Вот и Сандро Боттичелли заказали картину, славящую двор в его вселенском размахе.
«Поклонение волхвов» Боттичелли вторит фреске Гоццоли, но идет дальше: в картине показаны не просто портреты придворных и гостей, но характерная сцена из жизни просвещенного двора – диспут. И тот, кто знает предысторию сюжета, может догадаться, что речь идет о диспуте в академии на вилле Фичино и одновременно о Флорентийском соборе. Интеллектуалы собрались у хлева с новорожденным не для того, чтобы поклониться младенцу (практически никто и не кланяется), но чтобы нечто обсудить. И – сообразно сюжету – естественно предположить, что двор Медичи и его гости обсуждают божественное происхождение младенца; зрители точно присутствуют про обсуждении феномена филиокве. То был формальный повод несогласия на соборе, фактически, разумеется, речь шла о первенстве в христианской церкви – кому оно принадлежит: папе римскому или византийскому патриарху. Целью долгого, более десяти лет тянувшегося собора была попытка сплотить весь христианский мир, включая и Россию, и организовать гигантский крестовый поход против турок. Следствием этого, в политическом отношении провального, собора оказался раскол церквей на восточную и западную – и падение Константинополя в 1453 г. И если Ангерран Куартон пишет в Авиньоне трагическую «Пьету» в 1455 г., то Беноццо Гоццоли в 1459 г. концентрирует внимание на радостном аспекте события, на пышности приема, который устроили гостям собора во Флоренции.
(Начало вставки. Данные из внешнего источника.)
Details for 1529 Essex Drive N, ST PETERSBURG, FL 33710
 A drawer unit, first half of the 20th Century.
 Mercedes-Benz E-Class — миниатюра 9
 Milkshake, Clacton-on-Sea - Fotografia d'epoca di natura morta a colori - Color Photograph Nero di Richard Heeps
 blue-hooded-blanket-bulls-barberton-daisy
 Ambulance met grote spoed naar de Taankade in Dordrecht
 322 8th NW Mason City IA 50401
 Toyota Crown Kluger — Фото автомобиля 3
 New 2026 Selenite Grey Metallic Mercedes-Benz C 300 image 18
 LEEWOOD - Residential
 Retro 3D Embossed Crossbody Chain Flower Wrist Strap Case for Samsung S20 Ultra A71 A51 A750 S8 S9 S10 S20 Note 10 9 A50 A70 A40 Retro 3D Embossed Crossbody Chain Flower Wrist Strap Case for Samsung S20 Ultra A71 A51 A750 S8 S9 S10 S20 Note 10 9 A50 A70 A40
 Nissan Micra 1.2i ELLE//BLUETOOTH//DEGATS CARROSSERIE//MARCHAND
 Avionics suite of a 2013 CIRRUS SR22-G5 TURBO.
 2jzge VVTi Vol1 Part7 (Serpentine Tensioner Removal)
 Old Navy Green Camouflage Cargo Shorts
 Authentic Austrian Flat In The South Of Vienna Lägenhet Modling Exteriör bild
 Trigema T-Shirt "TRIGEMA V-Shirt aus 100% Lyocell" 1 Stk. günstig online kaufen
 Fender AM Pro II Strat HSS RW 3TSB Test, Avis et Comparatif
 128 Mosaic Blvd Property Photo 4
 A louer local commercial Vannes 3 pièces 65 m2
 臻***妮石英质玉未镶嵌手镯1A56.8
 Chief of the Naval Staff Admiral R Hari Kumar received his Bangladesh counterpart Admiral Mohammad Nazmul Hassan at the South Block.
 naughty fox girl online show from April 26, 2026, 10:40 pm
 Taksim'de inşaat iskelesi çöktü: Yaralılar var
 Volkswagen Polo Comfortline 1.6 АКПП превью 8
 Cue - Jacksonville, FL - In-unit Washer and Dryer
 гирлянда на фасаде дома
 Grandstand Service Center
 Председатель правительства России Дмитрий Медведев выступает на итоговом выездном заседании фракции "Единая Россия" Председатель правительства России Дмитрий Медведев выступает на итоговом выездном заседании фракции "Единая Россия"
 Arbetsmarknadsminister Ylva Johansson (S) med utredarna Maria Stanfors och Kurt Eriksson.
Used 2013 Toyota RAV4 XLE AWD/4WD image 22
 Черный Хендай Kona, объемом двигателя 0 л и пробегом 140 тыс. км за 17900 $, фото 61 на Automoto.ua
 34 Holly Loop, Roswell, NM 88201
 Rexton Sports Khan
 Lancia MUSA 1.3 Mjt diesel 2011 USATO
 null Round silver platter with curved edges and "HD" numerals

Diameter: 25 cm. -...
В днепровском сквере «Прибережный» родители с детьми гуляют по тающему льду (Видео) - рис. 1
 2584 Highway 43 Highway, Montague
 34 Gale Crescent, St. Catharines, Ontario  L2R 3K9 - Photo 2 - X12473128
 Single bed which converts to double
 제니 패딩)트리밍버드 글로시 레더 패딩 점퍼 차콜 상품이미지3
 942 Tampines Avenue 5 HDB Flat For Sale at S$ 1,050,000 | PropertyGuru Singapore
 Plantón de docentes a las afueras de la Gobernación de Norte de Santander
Было бы бестактно по отношению к Флорентийскому собору назвать его провальным с идейной точки зрения; напротив, это один из наиболее важных соборов. То было торжество теософской мысли, и провозглашенная уния остается достижением религиозной, философской, христианской мысли. Пусть политики не осуществили решений собора, а церковные иерархи их не подтвердили, но идея унии пребудет в веках.